> **DIRECTIONS**
Write out the listing from the line with "good condition 2011" to the line with "13014 John Reynolds", both lines included, exactly and nothing beyond. Leave pictures out.

> **INPUT DATA**
%%

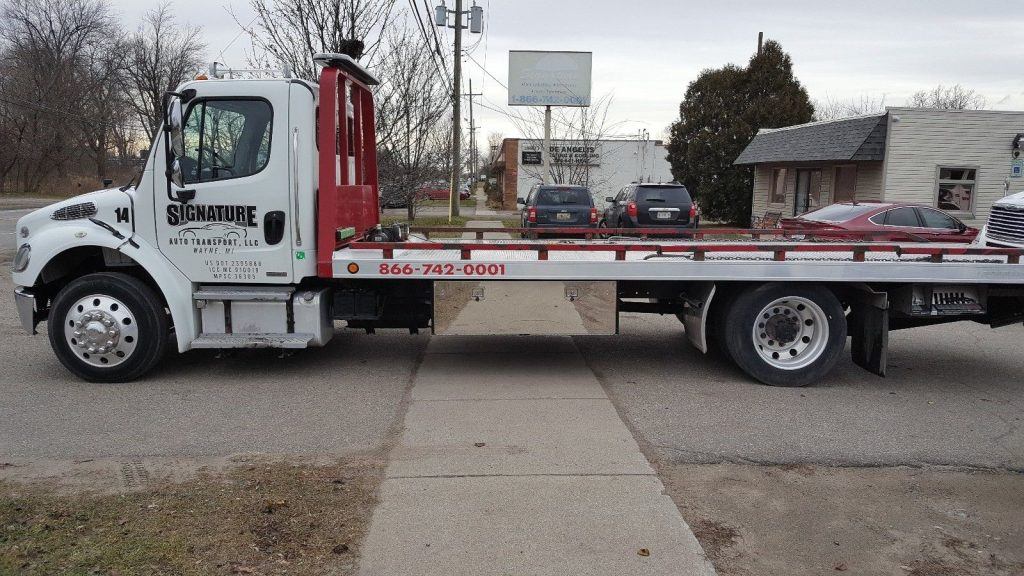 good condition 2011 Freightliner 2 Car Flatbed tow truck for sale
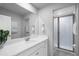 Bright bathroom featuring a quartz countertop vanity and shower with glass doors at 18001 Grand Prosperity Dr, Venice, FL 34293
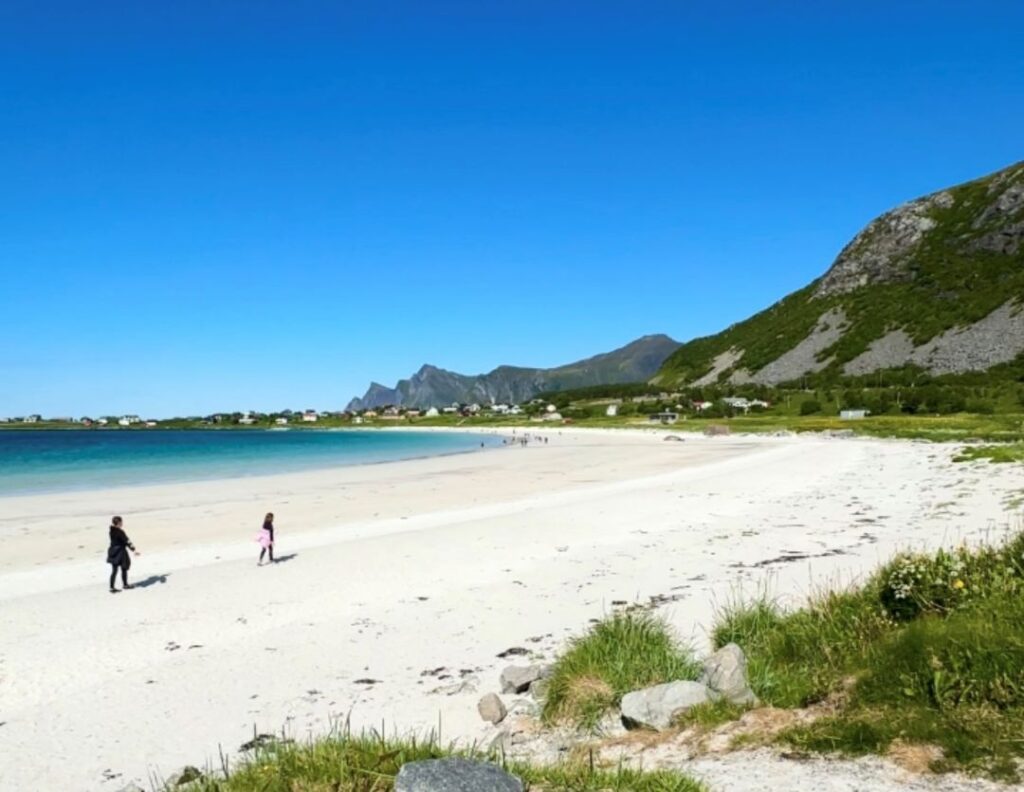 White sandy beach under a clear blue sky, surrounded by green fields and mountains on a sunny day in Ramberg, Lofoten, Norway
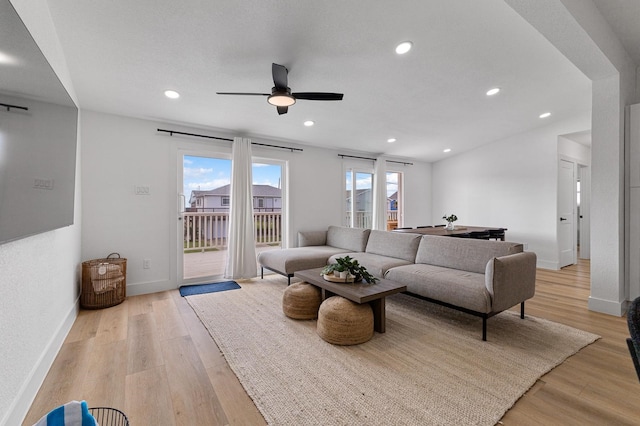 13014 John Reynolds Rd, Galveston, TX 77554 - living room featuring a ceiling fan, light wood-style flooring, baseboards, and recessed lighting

%%
%%

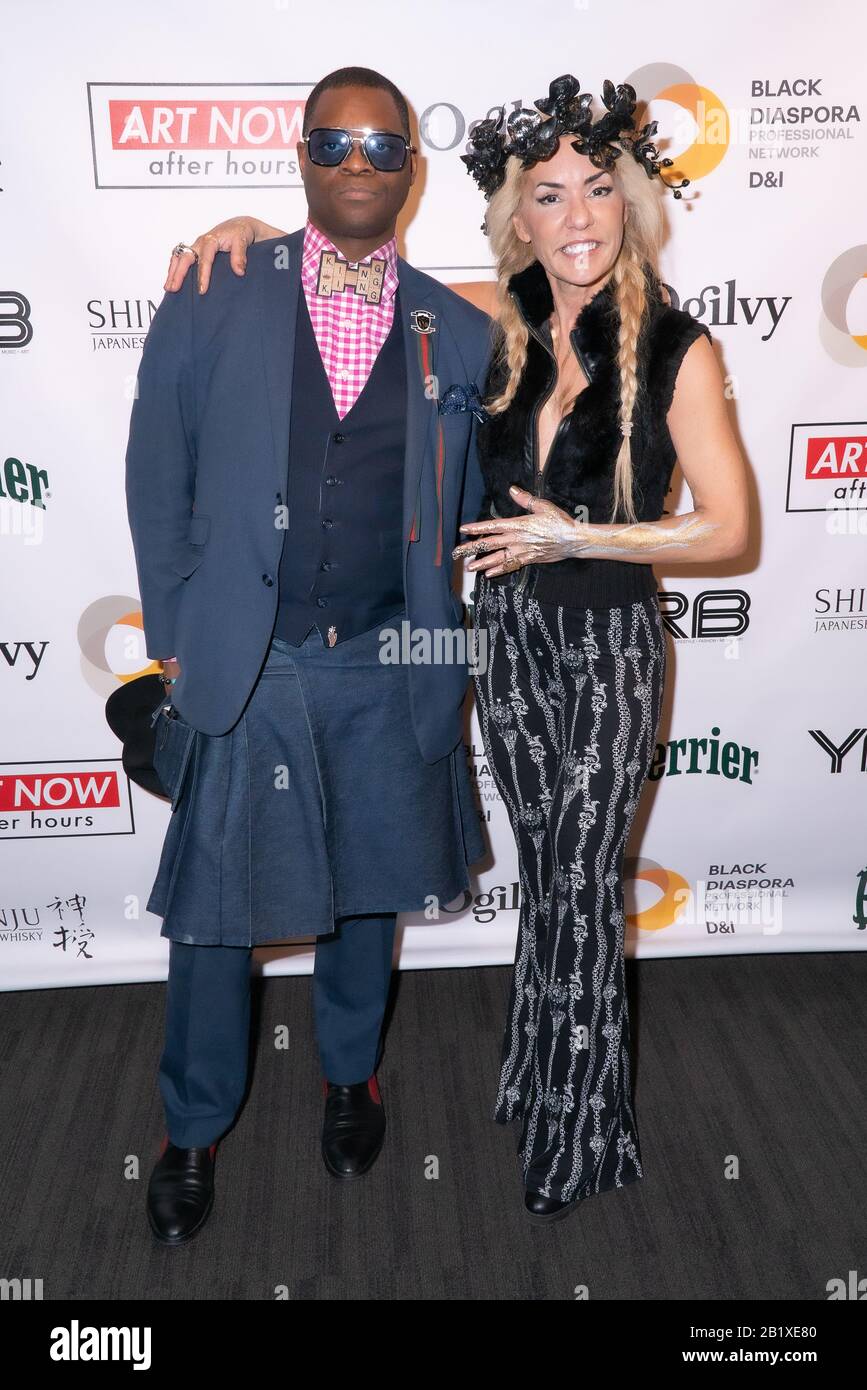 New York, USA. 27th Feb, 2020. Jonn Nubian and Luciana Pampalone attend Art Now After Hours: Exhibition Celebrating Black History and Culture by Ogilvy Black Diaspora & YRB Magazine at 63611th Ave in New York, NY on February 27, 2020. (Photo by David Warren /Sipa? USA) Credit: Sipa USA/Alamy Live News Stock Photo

%%
%%

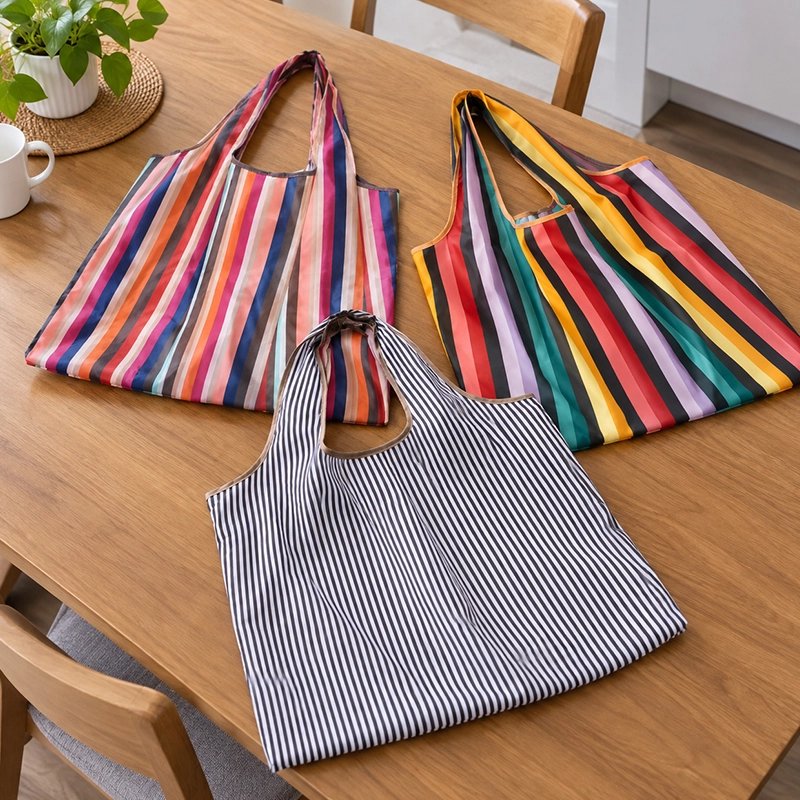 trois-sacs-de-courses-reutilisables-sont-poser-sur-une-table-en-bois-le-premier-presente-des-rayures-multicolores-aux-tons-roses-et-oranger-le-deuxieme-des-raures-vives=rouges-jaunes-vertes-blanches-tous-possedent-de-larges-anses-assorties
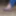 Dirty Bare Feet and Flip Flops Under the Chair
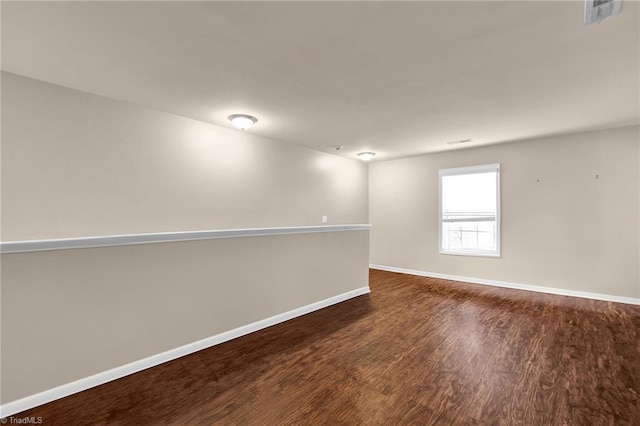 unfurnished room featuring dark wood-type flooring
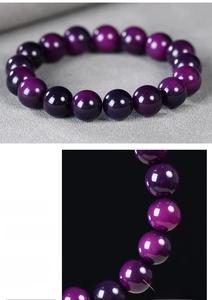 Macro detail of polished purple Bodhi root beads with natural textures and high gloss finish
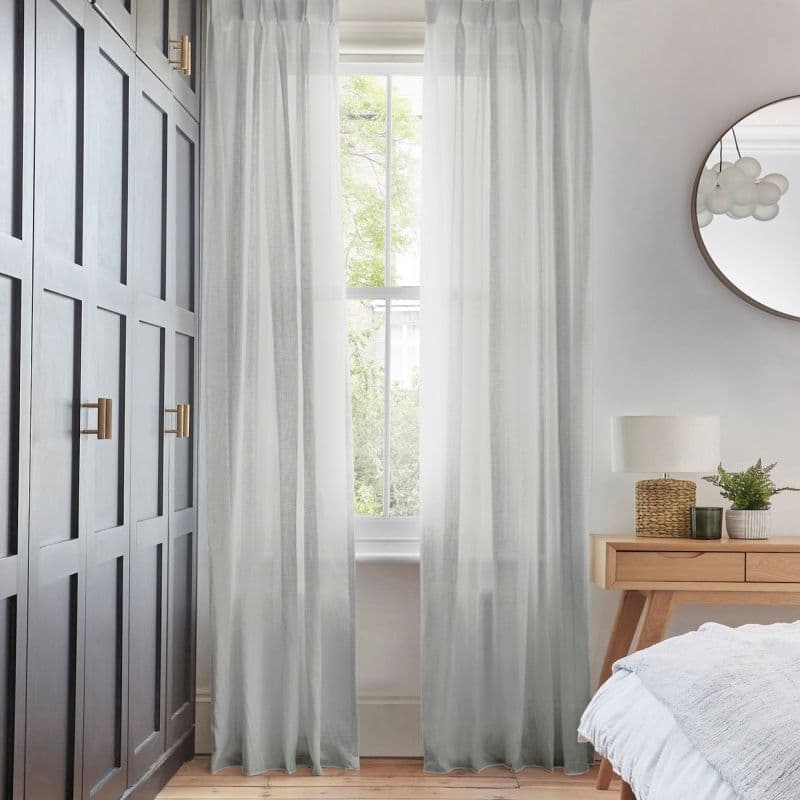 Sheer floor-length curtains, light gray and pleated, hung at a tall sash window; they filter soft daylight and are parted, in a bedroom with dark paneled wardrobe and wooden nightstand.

%%

> **ANSWER FOR THE TASK**
 good condition 2011 Freightliner 2 Car Flatbed tow truck for sale
 Bright bathroom featuring a quartz countertop vanity and shower with glass doors at 18001 Grand Prosperity Dr, Venice, FL 34293
 White sandy beach under a clear blue sky, surrounded by green fields and mountains on a sunny day in Ramberg, Lofoten, Norway
 13014 John Reynolds Rd, Galveston, TX 77554 - living room featuring a ceiling fan, light wood-style flooring, baseboards, and recessed lighting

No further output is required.